- [What this task involves] Without copying any picture, return all lines below exactly.

- [Data shown]

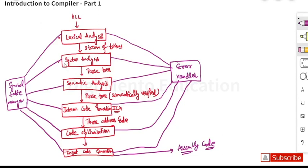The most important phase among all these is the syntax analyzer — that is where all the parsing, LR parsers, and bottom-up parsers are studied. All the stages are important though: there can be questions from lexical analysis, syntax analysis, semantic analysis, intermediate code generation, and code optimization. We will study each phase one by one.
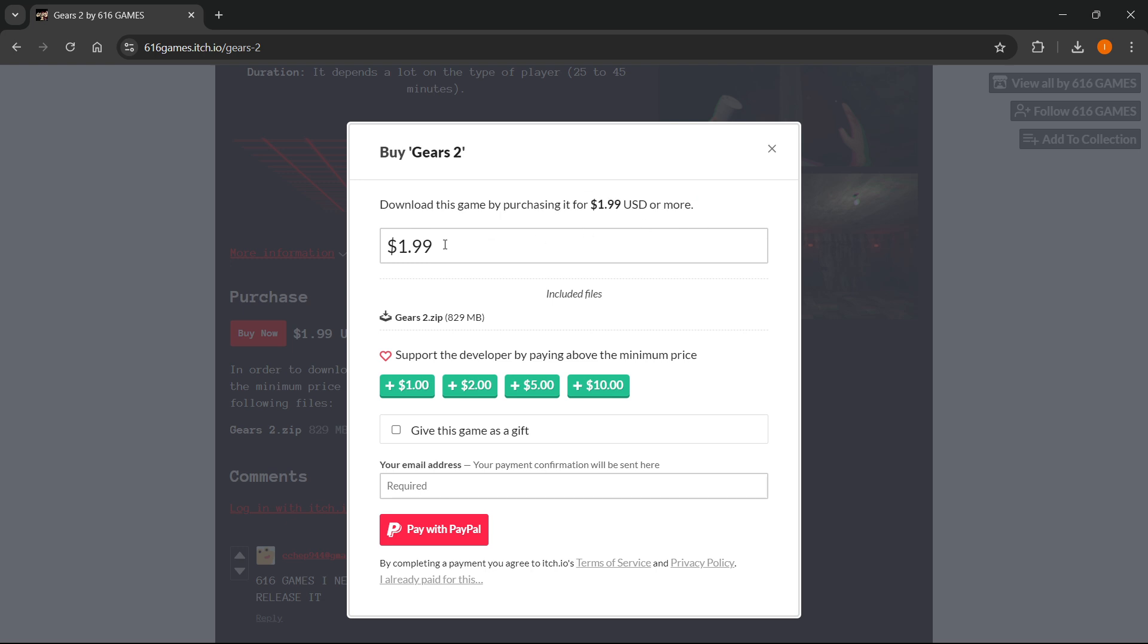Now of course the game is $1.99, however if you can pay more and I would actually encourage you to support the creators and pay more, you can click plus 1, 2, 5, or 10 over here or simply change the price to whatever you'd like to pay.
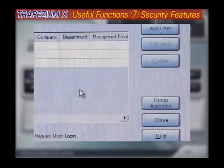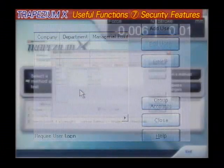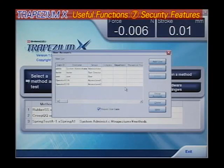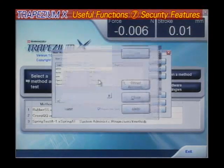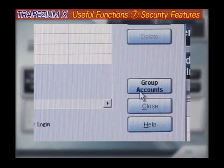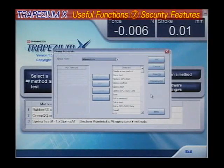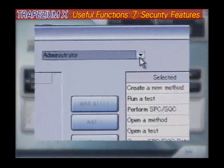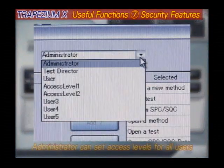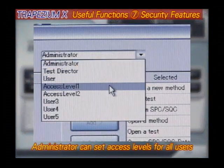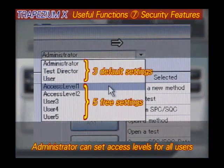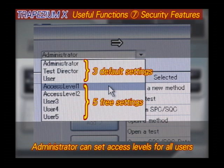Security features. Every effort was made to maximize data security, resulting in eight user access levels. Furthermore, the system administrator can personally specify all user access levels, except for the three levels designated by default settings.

- [Solution for this exercise]
The most important phase among all these is the syntax analyzer — that is where all the parsing, LR parsers, and bottom-up parsers are studied. All the stages are important though: there can be questions from lexical analysis, syntax analysis, semantic analysis, intermediate code generation, and code optimization. We will study each phase one by one.
Now of course the game is $1.99, however if you can pay more and I would actually encourage you to support the creators and pay more, you can click plus 1, 2, 5, or 10 over here or simply change the price to whatever you'd like to pay.
Security features. Every effort was made to maximize data security, resulting in eight user access levels. Furthermore, the system administrator can personally specify all user access levels, except for the three levels designated by default settings.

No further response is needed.